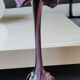 Elegant Large vase, Murano/Italy. Floral/Calla shape collar. Decorated with scrolls/lilac/plum waves. High 43 cm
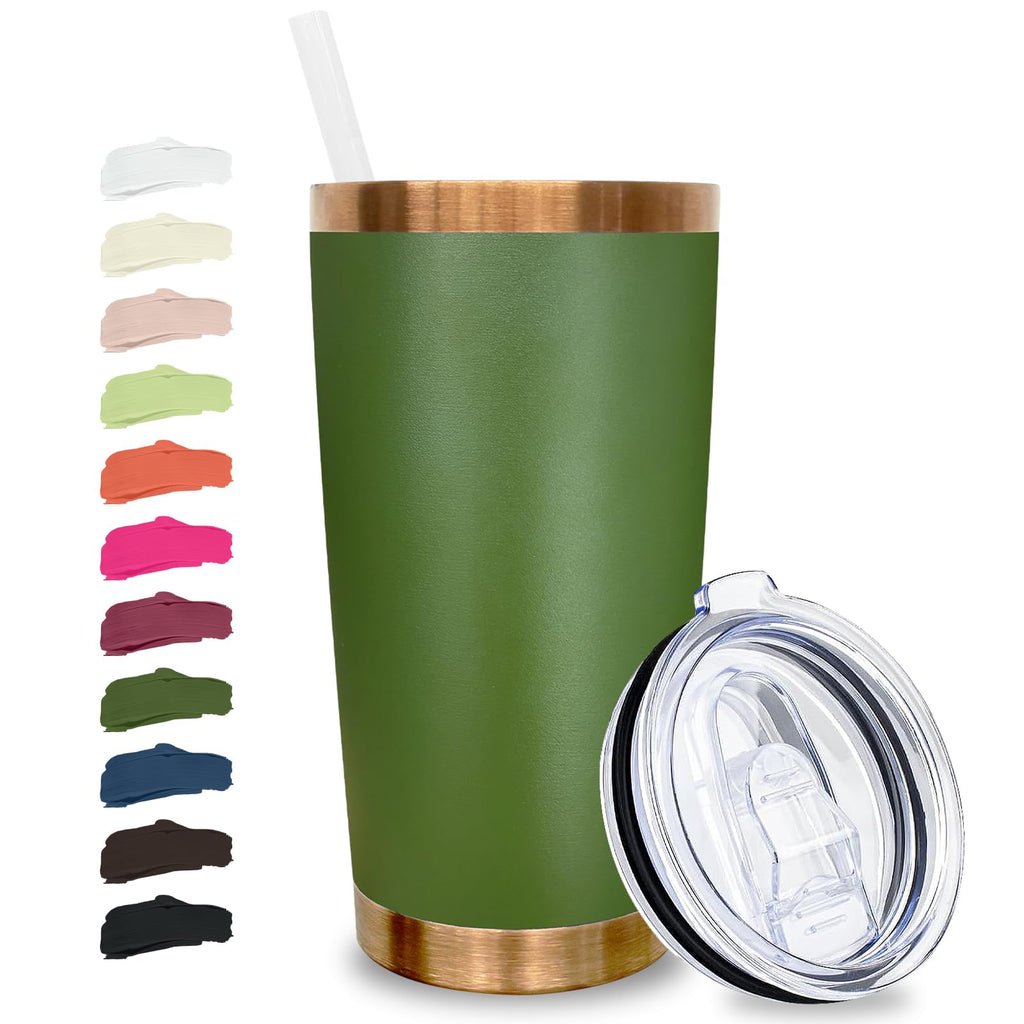20 oz Stainless Steel Tumblers with Lids and Straws Army Green D785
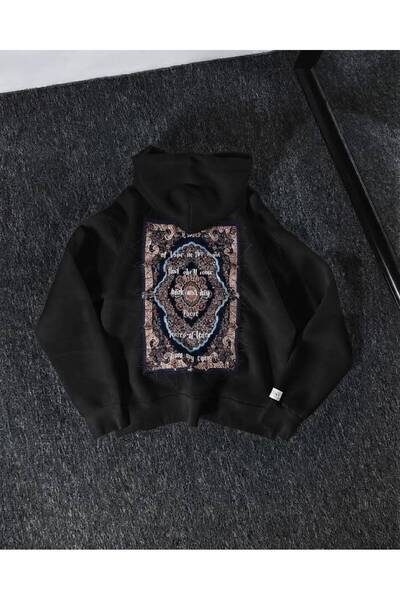 JANTIL MODA Unisex Oversize 3 Thread Raster Printed Hooded Sweatshirt with Ka...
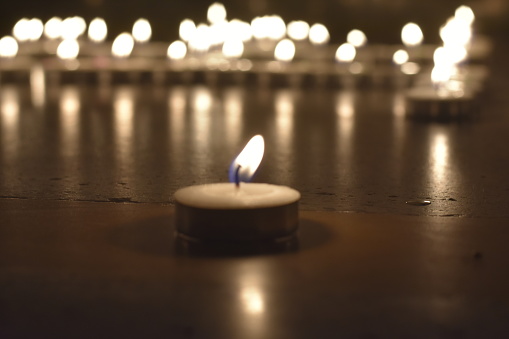 Tealight candle for Diwali celebration.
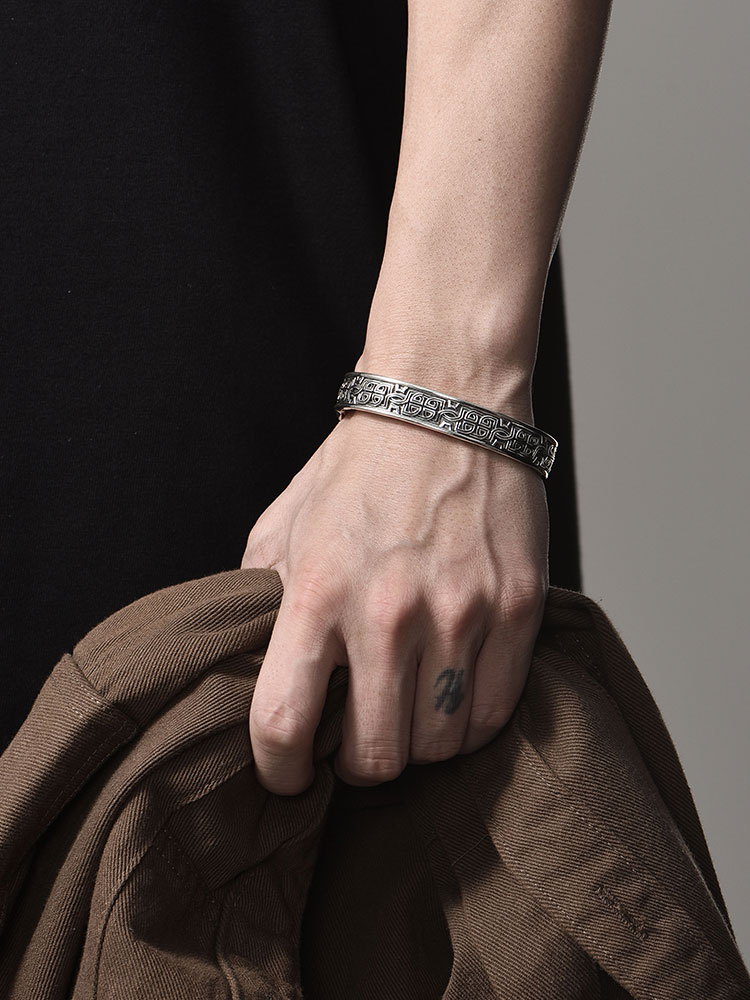 S925 Silver Vintage Greek Key Bangle Bracelet for Men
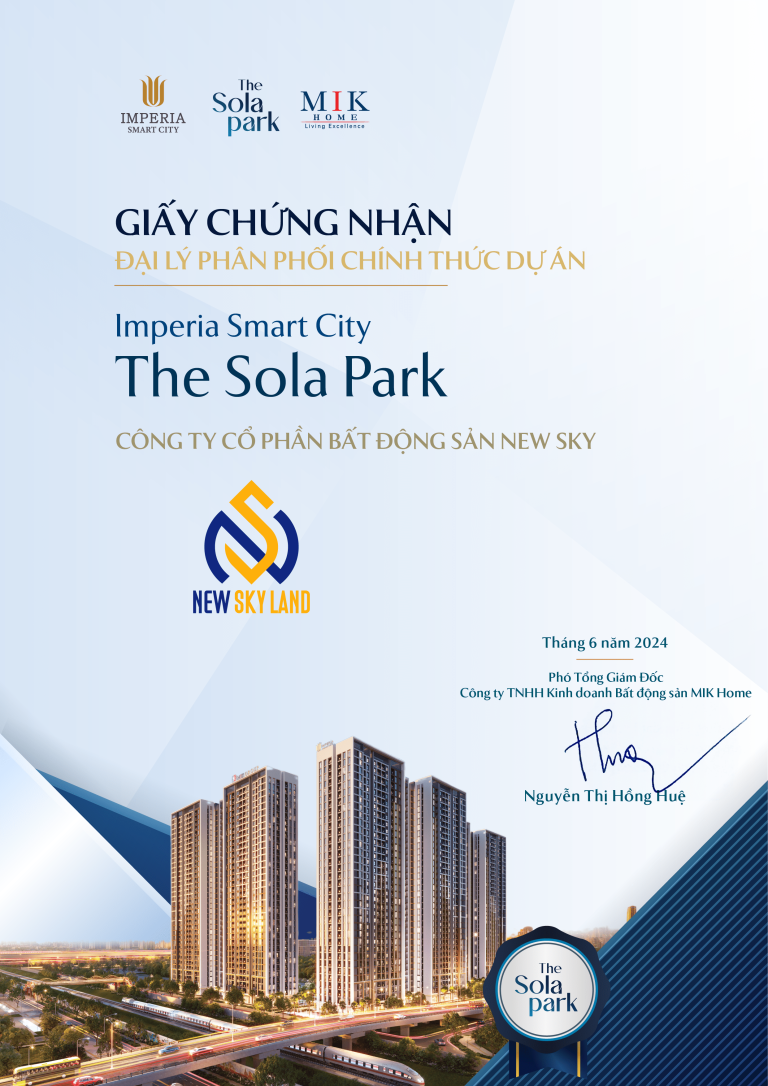 Chứng nhận Đại lý phân phối chính thức dự án The Sola Park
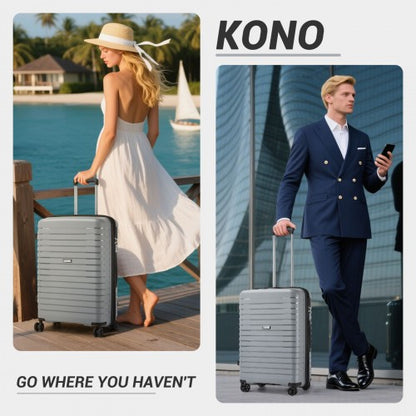 KSK2595 - Kono 28-Inch Hard Shell Scratch-Resistant PP Luggage with Cup Holder, TSA Lock & Expandable Design-Check-in Luggage For Travel - Grey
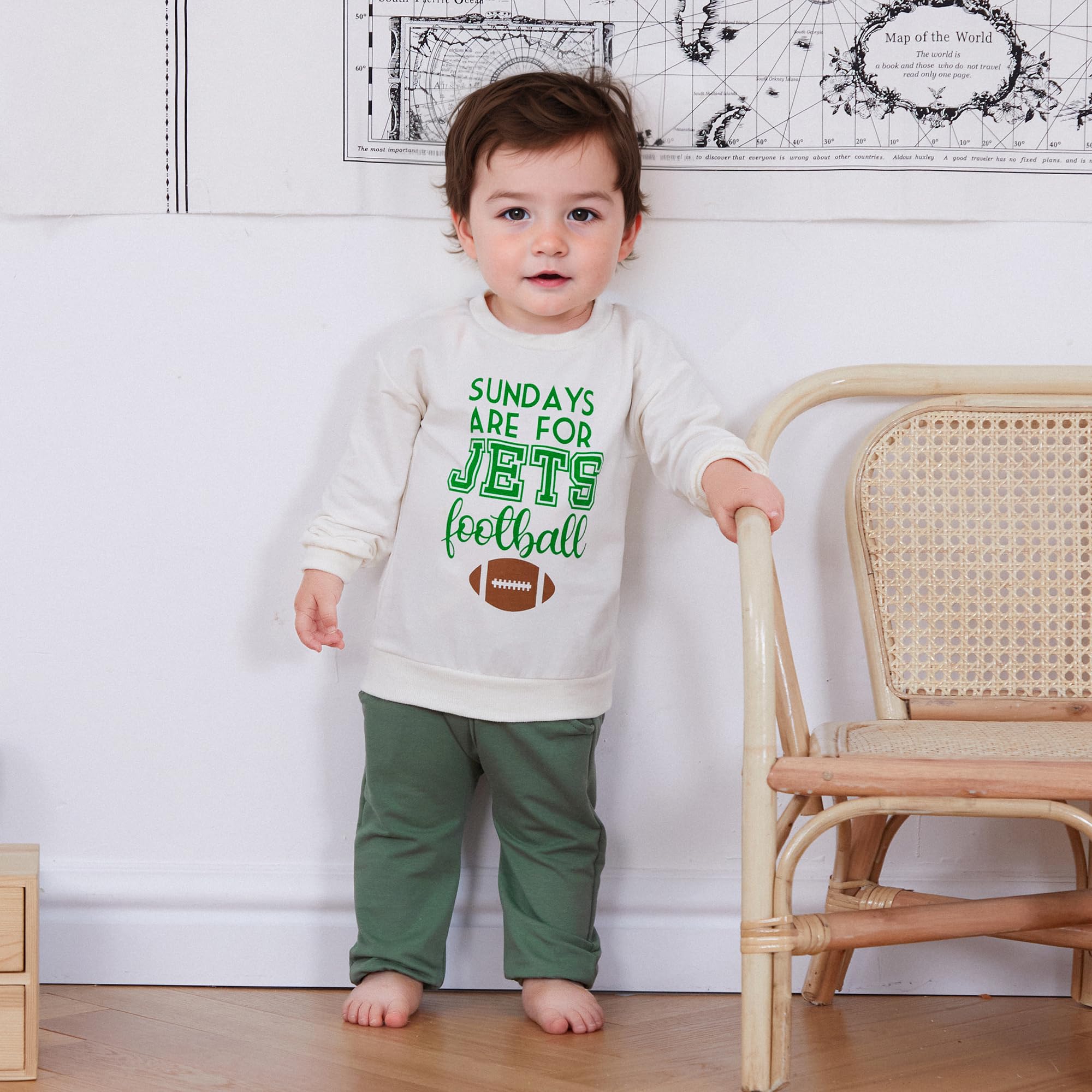 AHUGHAUE Toddler Football Fans Clothes Jets Football Print Long Sleeve Sweatshirt Jogger Pants 2Pcs Set Fall Sport Outfit (Apricot, 0-6 Months)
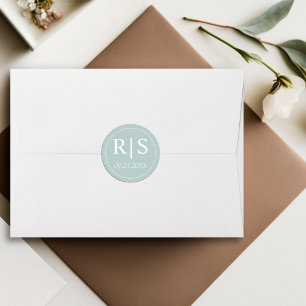 Elegante Initialen Blaue Opalhochzeit Runder Aufkleber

# # # # # # #

**Exercise details:**
Omit the pictures and write out the lines above from the one with "20 oz Stainless" through the last, unchanged.

**Response:**
20 oz Stainless Steel Tumblers with Lids and Straws Army Green D785
 JANTIL MODA Unisex Oversize 3 Thread Raster Printed Hooded Sweatshirt with Ka...
 Tealight candle for Diwali celebration.
 S925 Silver Vintage Greek Key Bangle Bracelet for Men
 Chứng nhận Đại lý phân phối chính thức dự án The Sola Park
 KSK2595 - Kono 28-Inch Hard Shell Scratch-Resistant PP Luggage with Cup Holder, TSA Lock & Expandable Design-Check-in Luggage For Travel - Grey
 AHUGHAUE Toddler Football Fans Clothes Jets Football Print Long Sleeve Sweatshirt Jogger Pants 2Pcs Set Fall Sport Outfit (Apricot, 0-6 Months)
 Elegante Initialen Blaue Opalhochzeit Runder Aufkleber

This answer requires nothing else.